魅波さん、どういう使い方するつもりなの……?


「あ、もしかしてアタシ、貶されてる?」

「もしかしなくとも、そうですね」

「狐荼君はやっぱり酷いなぁ…」

「君の脳内も酷いですよ」

「お、お二人とも?食べましょ?ね?」


雰囲気が険悪になりかけだったので急いで止める。

うん、一触即発?


「…そうですね。僕と魅波がここでぶつかったら、建物半壊じゃすみませんしね」

「あはは、そうですね……って、ん?半壊?」

「?半壊がどうかしました?」


──────え?

半壊するの?

え、それ、人間技?


「………あぁ、話していませんでしたか。僕ら〔アンデット〕について」

「へ?あ、うん……?何にも…聞いてない…です」

「あー…そうだっけ?」

「そうですよ。完全に忘れてましたね……」

「狐荼君、話してくれるよね!」

「はい。魅波に任せると怖いので話します」

「それはそれで酷い!!」


仁叶さんは、魅波さんの扱いに慣れているんだな…。

と、思うほどにあたりがきつい。

恨みでもあるのだろうか。


「…では、話しましょうかね。………………僕ら〔アンデット〕は、皆、人じゃないんです。
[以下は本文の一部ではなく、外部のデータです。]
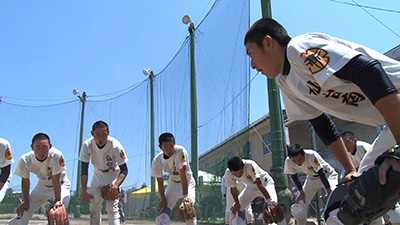 仙台南高校 硬式野球部 photo08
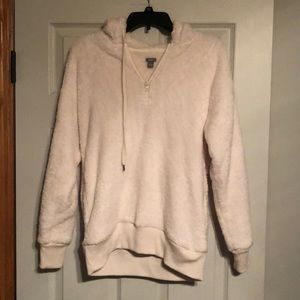 Aerie soft furry pullover xs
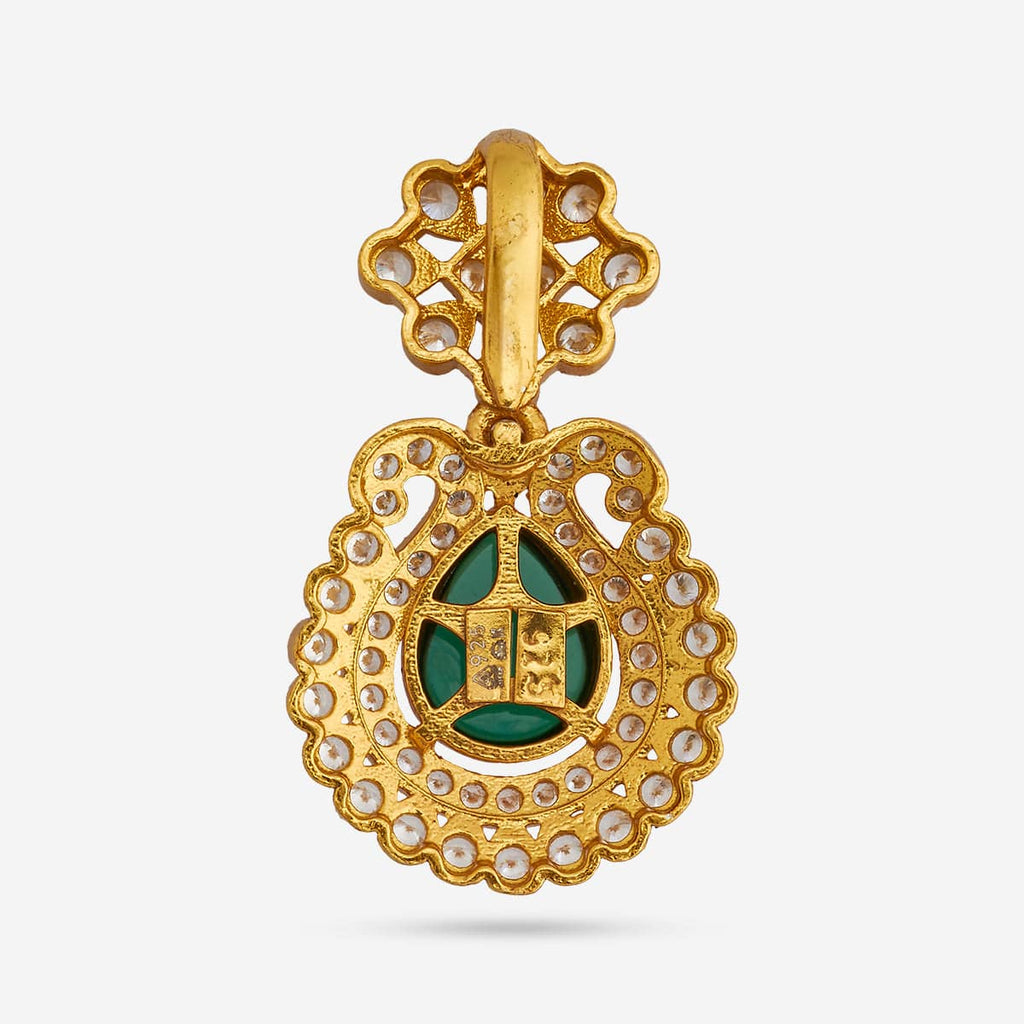 Temple Pendant Silver Temple Pendant 191835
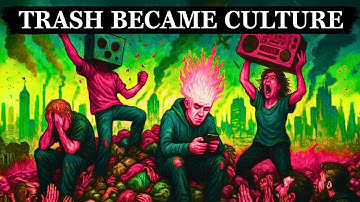 How Modern Entertainment Created the Dumbest Generation in History - Nietzsche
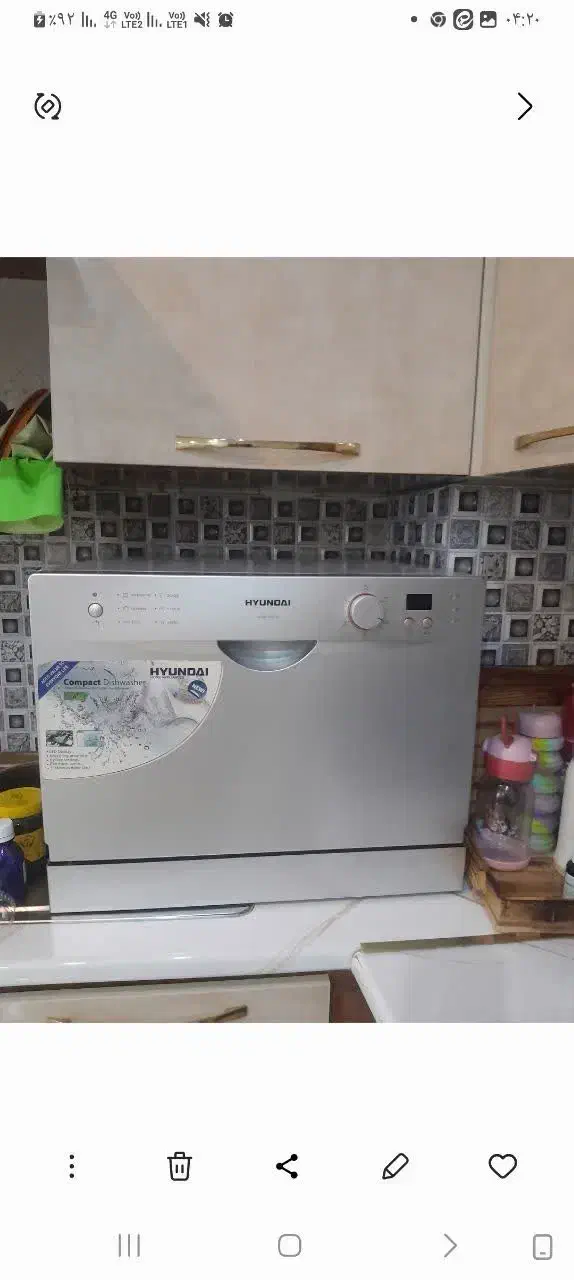 ماشین ظرفشویی|ماشین ظرفشویی|رشت, یخسازی|دیوار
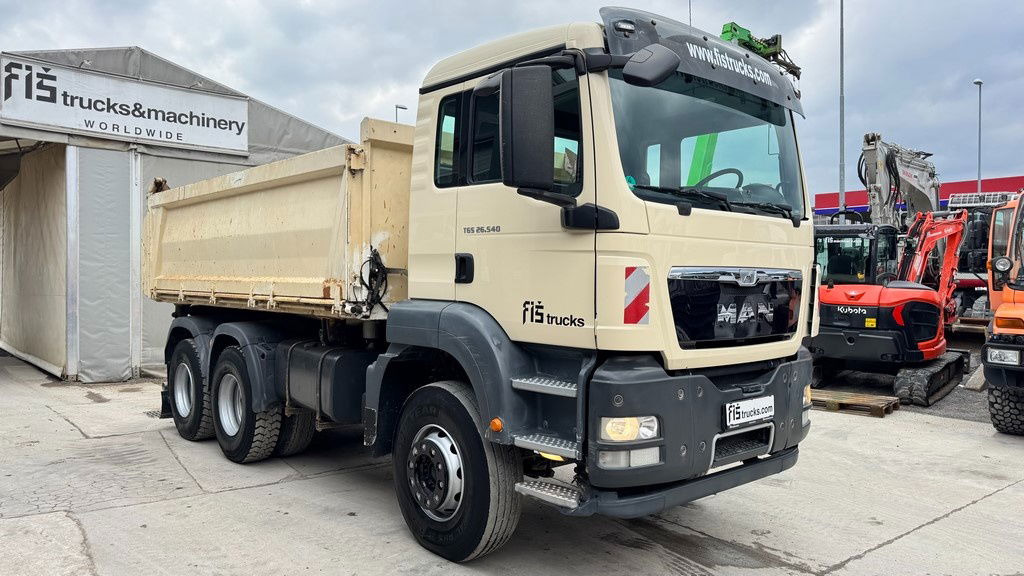 MAN TGS 26.540 6X4 bordmatic meiller tipper - Sklápač: obrázok 3 MAN TGS 26.540 6X4 bordmatic meiller tipper - Sklápač: obrázok 3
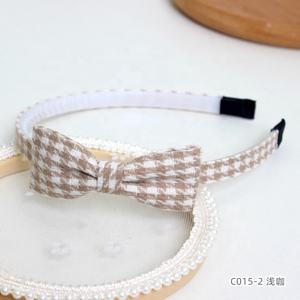 طوق للشعر عصري من القماش بنقشة آلاف الطيور طوق للشعر بالضغط - Product Image 5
」


────────────────


〔アンデット〕

元は人だったんですよ。

でも、人体実験にて、人ではなくなりました。

その人材収集の仕方が、まあ…だいぶ酷いもので。

他の犯罪組織の仕業に見せかけ、人を拐う。

僕も魅波も、お嬢も…神奈さんとて全員同じです。


僕は家で一人、教書を読んでるときに拐われました。

まあ、詳しくは覚えていないんですけどね。

だいたい………十二年とか、それくらい前の話なので。

……………思い出したくないし。


おっと、失礼。

話がそれるところでした。

それで、僕らは人ではない…人外となりました。

それから、しばらくしたら、捨てられるんです。

───西区の方に。

治安が悪いところに捨てるなんて、どうかしてると思いません?

全く…昔から不自由なく暮らしていたので、本当に苦労しましたよ。


そこで──会ったんです。

自分と同じような目に会った方々と。

最初に会ったのは、お嬢じゃなかったんですけど、まあのちに〔アンデット〕と呼ばれる者の一人です。

その人、性格は割とクズなんですけどね。

そのときは何故か助けてくださったんです。

どうせ、気分でしょうがね。

それのおかげで、今生きてます。


………で、建物半壊じゃすまない、ということを説明しましょうか。

僕らは改造されたことで、実在しているのか分からない生物の身体能力に近づけられました。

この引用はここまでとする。